On other systems, for example ones on which one can write protect main flash pages, one might put the Linux image being used as a bootloader into such write protected pages. The NAND flash on our system lacks page level write protect bits, and therefore for robustness sake, we decided we want Linux as bootloader to also fit into the the ROM with LinuxBIOS (and the embedded controller code). The actual cost turned out to be almost identical to using a commercial BIOS.
Video of a LinuxBIOS boot on OLPC
Here's a video of LinuxBIOS booting Linux on a rev a board. The movie
Hardware Limitations
We are limited to the 1MB of serial flash that's available in the OLPC board. Into this space (mostly compressed) must fit:
- the LinuxBIOS code that sets up the basic hardware.

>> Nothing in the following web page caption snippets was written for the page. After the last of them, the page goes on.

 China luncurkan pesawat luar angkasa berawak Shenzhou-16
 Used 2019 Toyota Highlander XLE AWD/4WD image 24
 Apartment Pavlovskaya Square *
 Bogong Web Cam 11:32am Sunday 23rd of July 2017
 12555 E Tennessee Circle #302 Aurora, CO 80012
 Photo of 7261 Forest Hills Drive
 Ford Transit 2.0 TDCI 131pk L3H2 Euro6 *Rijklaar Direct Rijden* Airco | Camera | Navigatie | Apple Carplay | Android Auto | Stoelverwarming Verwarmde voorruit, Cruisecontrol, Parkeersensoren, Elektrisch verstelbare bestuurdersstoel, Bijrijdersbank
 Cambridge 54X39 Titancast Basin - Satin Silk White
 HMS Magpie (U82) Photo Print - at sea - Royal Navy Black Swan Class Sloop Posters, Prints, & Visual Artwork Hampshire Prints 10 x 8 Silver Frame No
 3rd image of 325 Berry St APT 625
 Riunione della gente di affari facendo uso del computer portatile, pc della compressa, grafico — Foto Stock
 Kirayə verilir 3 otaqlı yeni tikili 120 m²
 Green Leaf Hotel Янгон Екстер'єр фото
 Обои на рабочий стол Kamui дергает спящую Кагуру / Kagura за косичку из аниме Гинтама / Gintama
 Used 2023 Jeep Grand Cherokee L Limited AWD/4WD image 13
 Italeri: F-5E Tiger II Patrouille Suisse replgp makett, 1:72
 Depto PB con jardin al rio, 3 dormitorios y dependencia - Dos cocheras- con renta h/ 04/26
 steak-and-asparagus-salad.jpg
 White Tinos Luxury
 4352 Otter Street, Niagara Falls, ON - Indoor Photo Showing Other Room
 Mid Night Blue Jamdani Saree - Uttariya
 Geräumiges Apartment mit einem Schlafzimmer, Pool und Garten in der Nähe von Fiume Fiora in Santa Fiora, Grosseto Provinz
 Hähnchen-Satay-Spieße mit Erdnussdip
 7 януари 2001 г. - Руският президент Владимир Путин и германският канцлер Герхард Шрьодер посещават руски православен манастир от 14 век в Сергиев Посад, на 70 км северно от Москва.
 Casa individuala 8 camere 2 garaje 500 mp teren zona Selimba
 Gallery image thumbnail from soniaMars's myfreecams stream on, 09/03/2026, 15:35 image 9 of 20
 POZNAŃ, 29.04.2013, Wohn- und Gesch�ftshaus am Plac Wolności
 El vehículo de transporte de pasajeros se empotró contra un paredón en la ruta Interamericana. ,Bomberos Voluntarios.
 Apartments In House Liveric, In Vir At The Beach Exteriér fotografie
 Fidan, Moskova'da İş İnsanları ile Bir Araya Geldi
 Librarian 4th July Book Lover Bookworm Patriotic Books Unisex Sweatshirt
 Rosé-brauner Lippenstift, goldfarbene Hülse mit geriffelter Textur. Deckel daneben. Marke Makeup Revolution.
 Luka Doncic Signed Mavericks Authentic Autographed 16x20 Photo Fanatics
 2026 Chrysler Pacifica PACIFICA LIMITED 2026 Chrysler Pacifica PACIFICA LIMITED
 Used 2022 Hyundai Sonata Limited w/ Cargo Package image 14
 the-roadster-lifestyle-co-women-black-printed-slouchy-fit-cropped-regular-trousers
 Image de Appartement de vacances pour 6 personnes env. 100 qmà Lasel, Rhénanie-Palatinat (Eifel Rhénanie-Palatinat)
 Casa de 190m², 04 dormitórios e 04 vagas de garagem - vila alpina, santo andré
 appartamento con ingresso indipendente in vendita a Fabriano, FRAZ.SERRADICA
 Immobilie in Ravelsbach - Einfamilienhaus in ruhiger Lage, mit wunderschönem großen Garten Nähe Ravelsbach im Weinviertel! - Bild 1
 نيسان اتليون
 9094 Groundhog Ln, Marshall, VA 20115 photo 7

- the VSA (Virtual System Architecture code) that emulates many of the legacy devices on the Geode.
- 64kb of code for the embedded controller, used for keyboard and power management functions.
- A Linux kernel (configured to be small), that includes a USB stack. It now appears likely we'll also be able to fit a full networking stack into the serial flash as well, when work is completed on converting to LZMA compression. If the networking stack cannot fit into the serial flash, we'll put the stack as a module in a partition on the NAND flash, but this is less robust and more prone to corruption than the serial flash. In order to complete functionality sooner rather than later, we will take this route until the compression work can be merged.
- An initrd (in memory file system) with busybox and scripts for installation.
- Any icons we use for installation, which may avoid localization headaches.
Since recovery of a board that has been mis-flashed can be extremely difficult if the 64kb of code the EC uses is damaged, and we need some place to store a serial number, keyboard type, and similar information, we are going to write the serial flash in two independent pieces:
- this 64kb region, which we hope will never be updated in the field
- the rest of the serial flash, which might have to be updated in the field.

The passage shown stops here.